This fearlessness of the rabbit would have started her on a long and dismal train of thought had she not checked herself in time and like the man in the haunted house who kept the fear of ghosts away by thinking of plum puddings, she started to work, re-folding the sail that had served her for a pillow the night before; then she took the oilskin coat out and shook it, and folding it, placed it by the left wall of the cave with the sou’wester on top of it. She was tidying her house.
Then she went into the men’s cave and did a bit of tidying there, stacking the tins more neatly and putting the odds and ends together. The sight of the cotton waste gave her an idea and going down to the boat she emptied the mussels from the baling tin on to the sand, filled the tin with sea water and bathed her face and hands, drying them on the cotton. She had finished this operation and had got the mussels back in the tin when a shout caused her to turn.

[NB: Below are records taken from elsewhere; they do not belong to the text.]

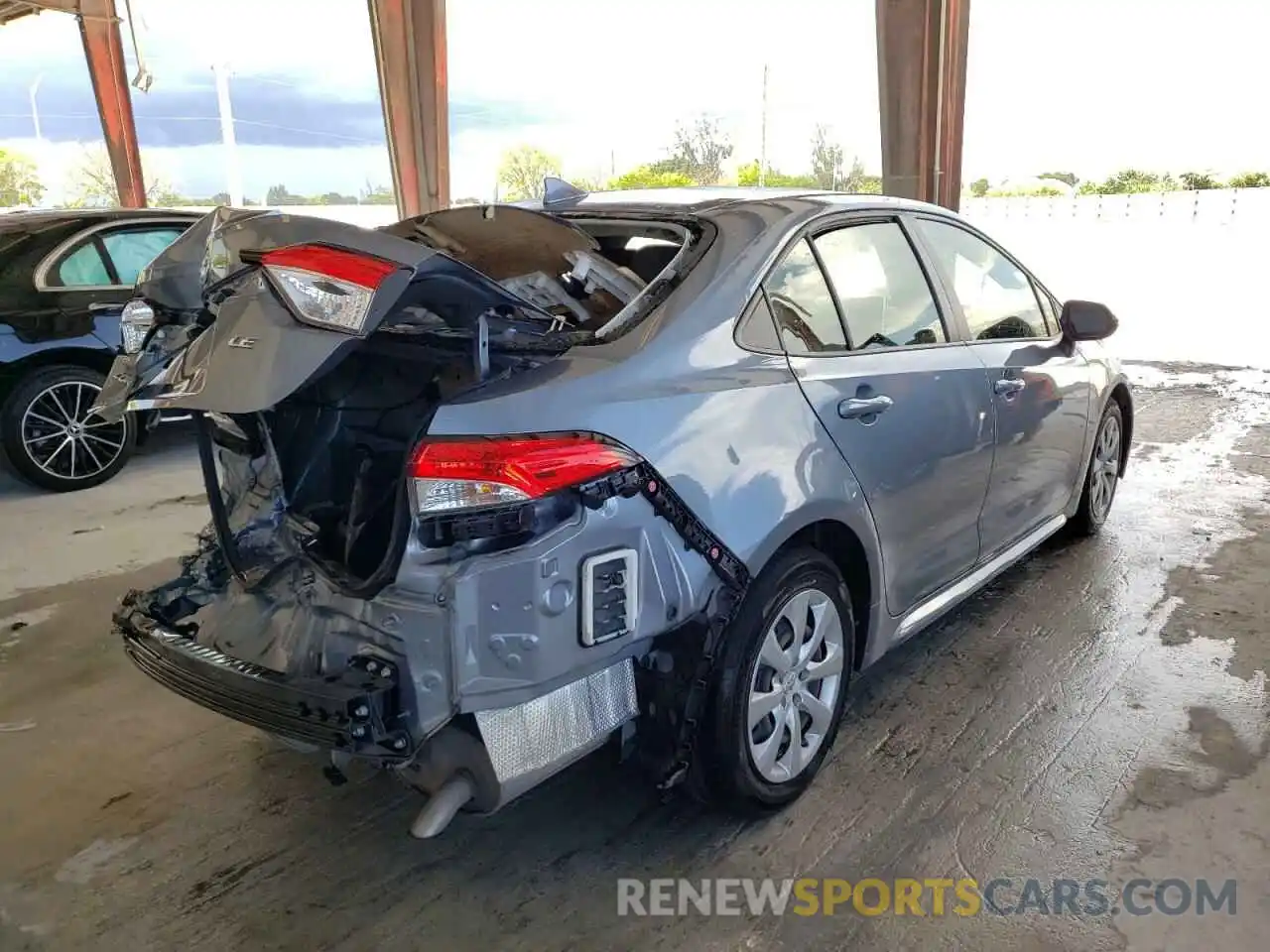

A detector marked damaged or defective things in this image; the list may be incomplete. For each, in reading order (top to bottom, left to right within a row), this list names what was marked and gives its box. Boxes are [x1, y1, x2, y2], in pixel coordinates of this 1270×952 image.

rusty metal beam [76, 0, 145, 207]
rusty metal beam [365, 0, 449, 216]
rusty metal beam [878, 0, 964, 210]
shattered taillight lens [260, 243, 393, 332]
damaged rear of car [106, 198, 751, 832]
shattered taillight lens [409, 438, 640, 518]
detached bumper piece [117, 611, 409, 762]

It was the men, they were coming along the beach from the break in the cliffs. Bompard leading, La Touche lagging behind.
Bompard was carrying something under his arm, it was a Kerguelen cabbage. La Touche carried nothing.
CHAPTER XI
THE CACHE
When she lay down that night on the hard sand, with the sailcloth beneath her head, she could not sleep. The wretchedness of having to lie down fully dressed, of being unable to change her clothes, fell on her like a blight.
She lay fighting the problem. It was impossible to go on like this. One might live with little food, but to live always without undressing and changing one’s things was impossible. This problem was insoluble, or seemed so. Then she found a half solution. She would discard her stockings and under garments, make a bundle of them and put them under the sailcloth, she would not wear them again, she would suffer from cold, no matter, anything was better than that feeling of being fully dressed always. The weather, besides, was fairly warm. She would learn to do without shoes as well as without stockings. She would have to go about without shoes or stockings. She thought of the men. Strangely enough the thought of going about without shoes or stockings seemed less repulsive to her than the thought of going about with her hair loose.